Flight Sergeant H James Flowers, 94, who first volunteered for the RAF in 1943, has presented the Lincolnshire Bomber Command Memorial Trust with a donation raised through his signed books.
The veteran, who published A Tail End Charlie’s Story, signed many copies of his book, which recounted the experiences of his aircrew rear gunner days when serving in the RAF during the 1939-45 war against Germany.
The money raised from his book signings amassed over £1,000, which he has donated to the trust that’s building a historic memorial and visitors’ centre on Canwick Hill in Lincoln.
Guests gathered at the memorial on Canwick Hill on Tuesday, July 21 for a special cheque presentation.
As previously reported, the names of 26,500 fallen Bomber Command aircrew are being remembered with a striking memorial on Canwick Hill in Lincoln.
The £9 million project, which when completed will form the International Bomber Command Centre, has already seen the installation of the 102ft Memorial Spire.
The Walls of Names are next to be installed on site, and Lincoln firm Micrometrics are cutting the names of the thousands who lost their lives during the second world war in to a series of Corten steel plates ready to be installed.
James Flowers enlisted in the RAF in 1944. He then went on to serve the 50 squadron and 44 squadron until 1945.
After writing down his life story for his family, with old and new photographs, James decided to sell copies and donate all the proceeds to the Lincolnshire Bomber Command Memorial Trust and their project.
He said: “I have done a lot in my life, I have fallen vertically from 11,000 feet but really and truly there is nothing special about me. I was just a mainstream Tail End Charlie.
“My children asked me to write a book for family history. They had a first edition produced ten years ago and I was so dissatisfied that I re-wrote it and it came out two months ago.
“I am very pleased because I have done everything myself.
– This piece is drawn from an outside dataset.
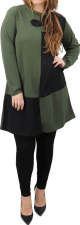 Tunique bicolore noir et vert kaki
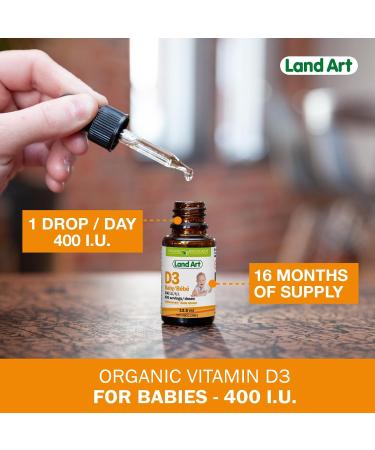 Certified Organic Vitamin D3 Drops - For Baby - 400 IU per drop - 490 servings - Development and maintenance of bones and teeth - GMO free - Gluten free - Made in Canada - 13.5 ml (Pack of 2) - Buy Online on SooperMarket.com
It’s really my biography and it goes right the way from 1939 to last year, because I have had a very interesting life.
“I was a driving examiner in Lincolnshire for 33 years and they used to call me the smiling assassin and all those stories are included, some of which are just as exciting as my time as a rear gunner.
“I gave £500 pounds from the book sales as our recent reunion and today I am presenting a check for £710.”
Tony Worth, Chairman of the LBCM Trust, added: “It’s amazing how far we’ve come and how much money a small number of people have managed to raise.
“It’s fantastic that this project has brought so many people together. And we are very grateful to James and everyone who has contributed.”